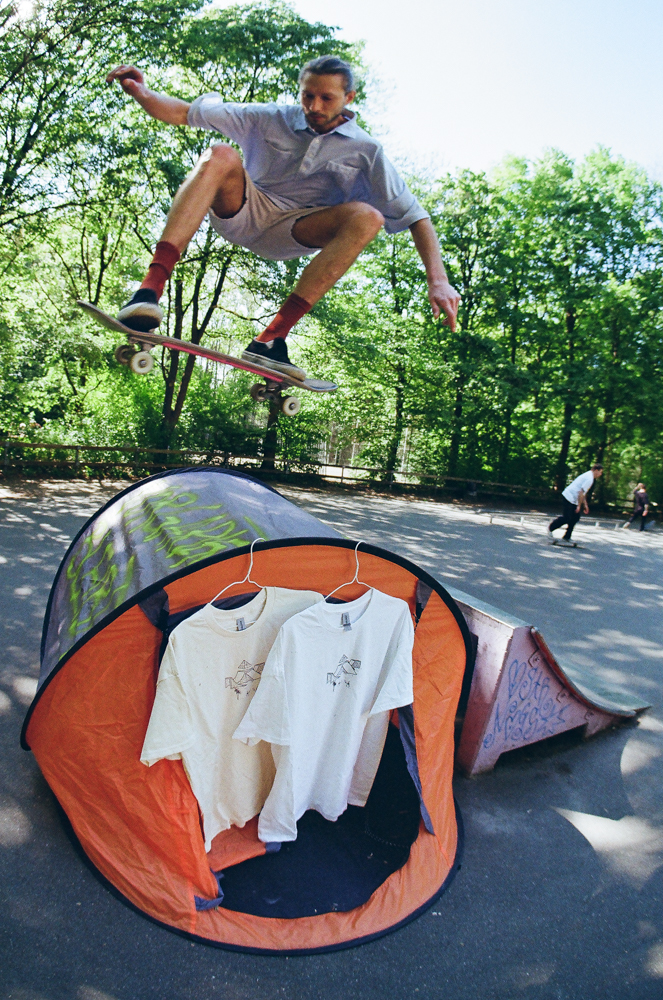 Shot of Jascha doing an ollie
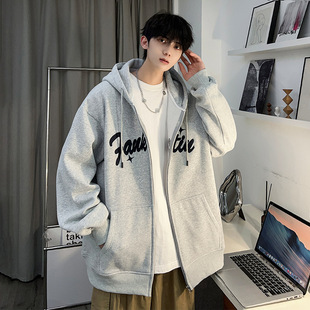 Plush cardigan sweatshirt for men in spring and autumn trendy brand heavyweight college style top loose plus fat plus size hooded jacket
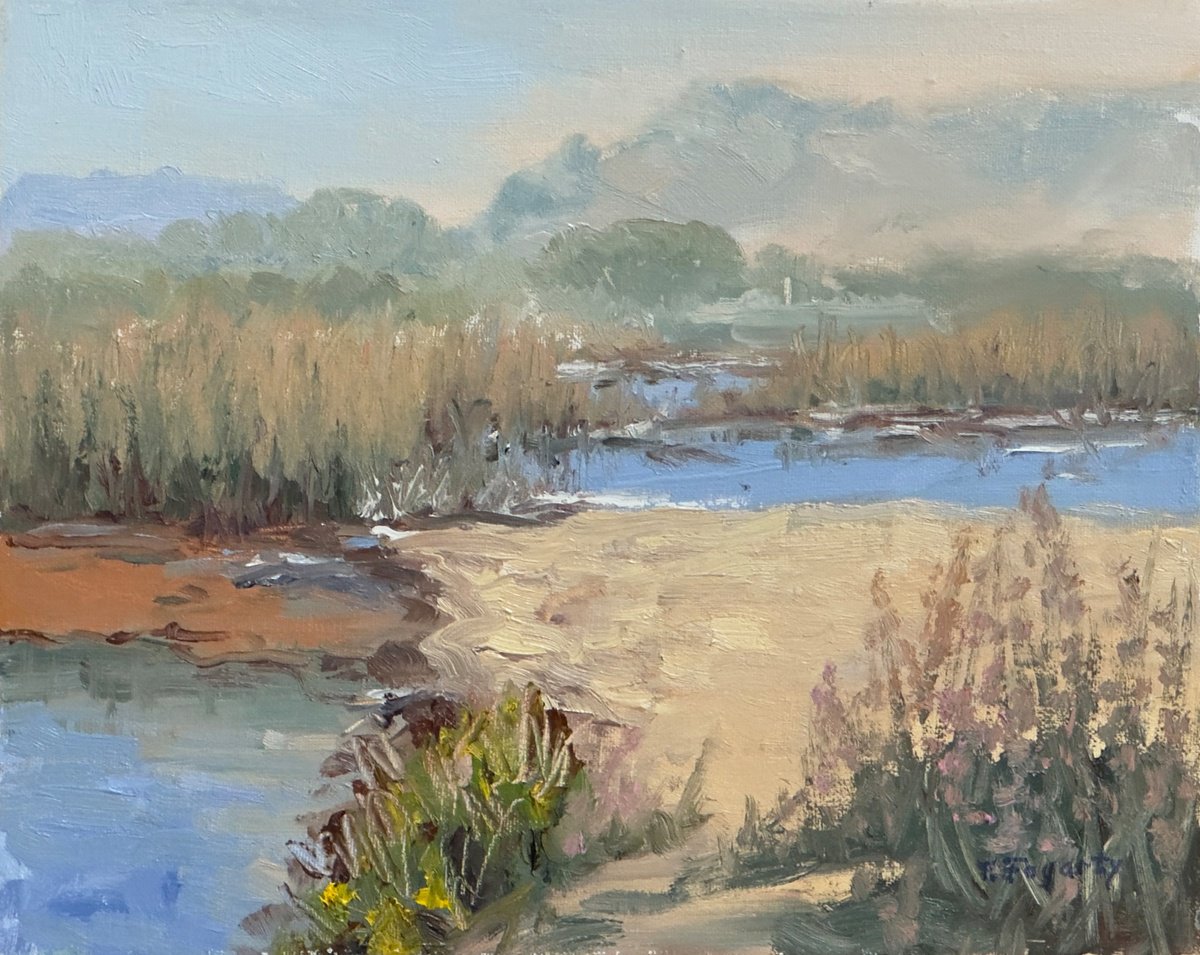 Impressionistic Landscape Oil Painting By Tatyana Fogarty, 10 X 8", Carmel River Lagoon Plein Air, Original Artwork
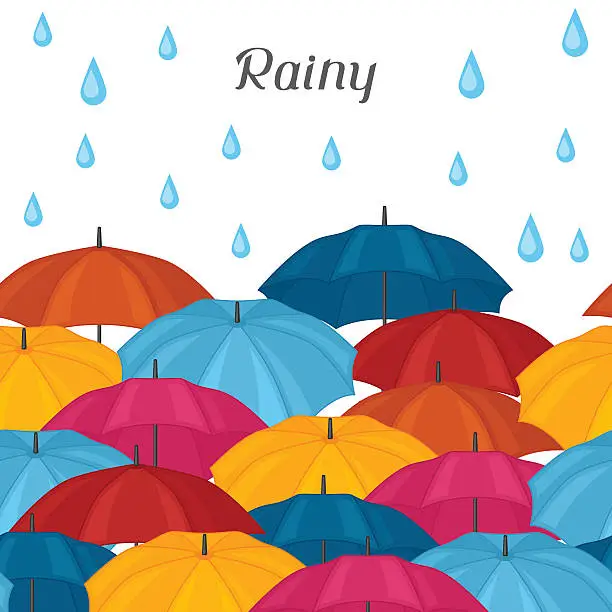 Vector illustration of Abstract background with colored umbrellas and rain drops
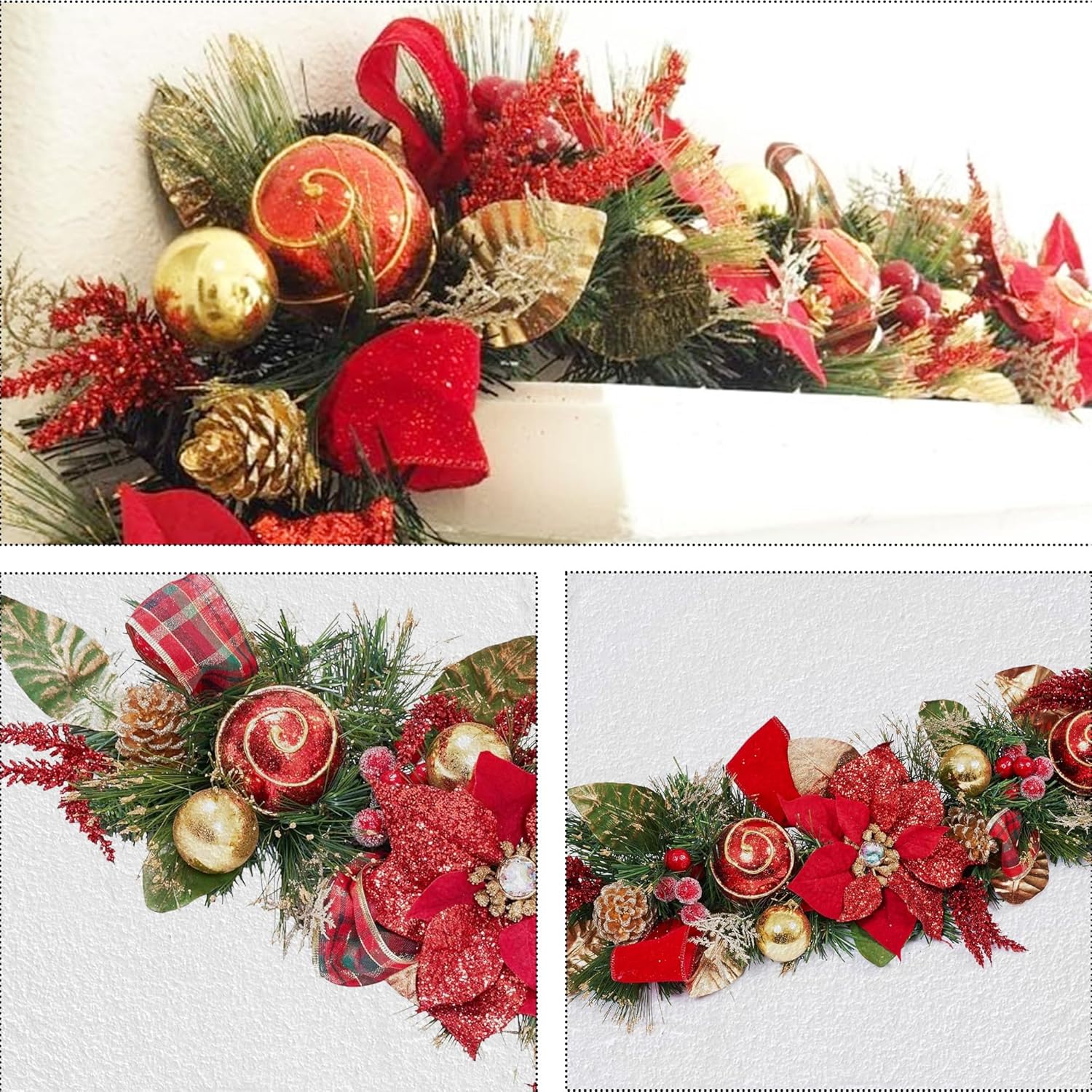 5 ft Christmas Garland for Mantle Unlit Garland for Stairs Railing, Banister, Staircase, Fireplace, for Table No Light, Garland Decor Frosted Red Poinsettia Holiday Tree (Decorated Red Poinsettia)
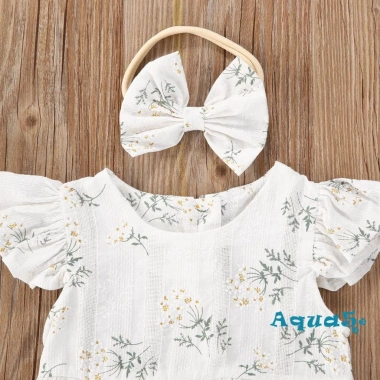 Bộ 2 Món Áo Liền Quần Cổ Tròn In Hoa Phối Bèo và Băng Đô Bé Gái 0-24 Tháng 6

■ ■ ■ ■

In your copy of the entries above, keep the text exact and leave out the pictures.

 Shot of Jascha doing an ollie
 Plush cardigan sweatshirt for men in spring and autumn trendy brand heavyweight college style top loose plus fat plus size hooded jacket
 Impressionistic Landscape Oil Painting By Tatyana Fogarty, 10 X 8", Carmel River Lagoon Plein Air, Original Artwork
 Vector illustration of Abstract background with colored umbrellas and rain drops
 5 ft Christmas Garland for Mantle Unlit Garland for Stairs Railing, Banister, Staircase, Fireplace, for Table No Light, Garland Decor Frosted Red Poinsettia Holiday Tree (Decorated Red Poinsettia)
 Bộ 2 Món Áo Liền Quần Cổ Tròn In Hoa Phối Bèo và Băng Đô Bé Gái 0-24 Tháng 6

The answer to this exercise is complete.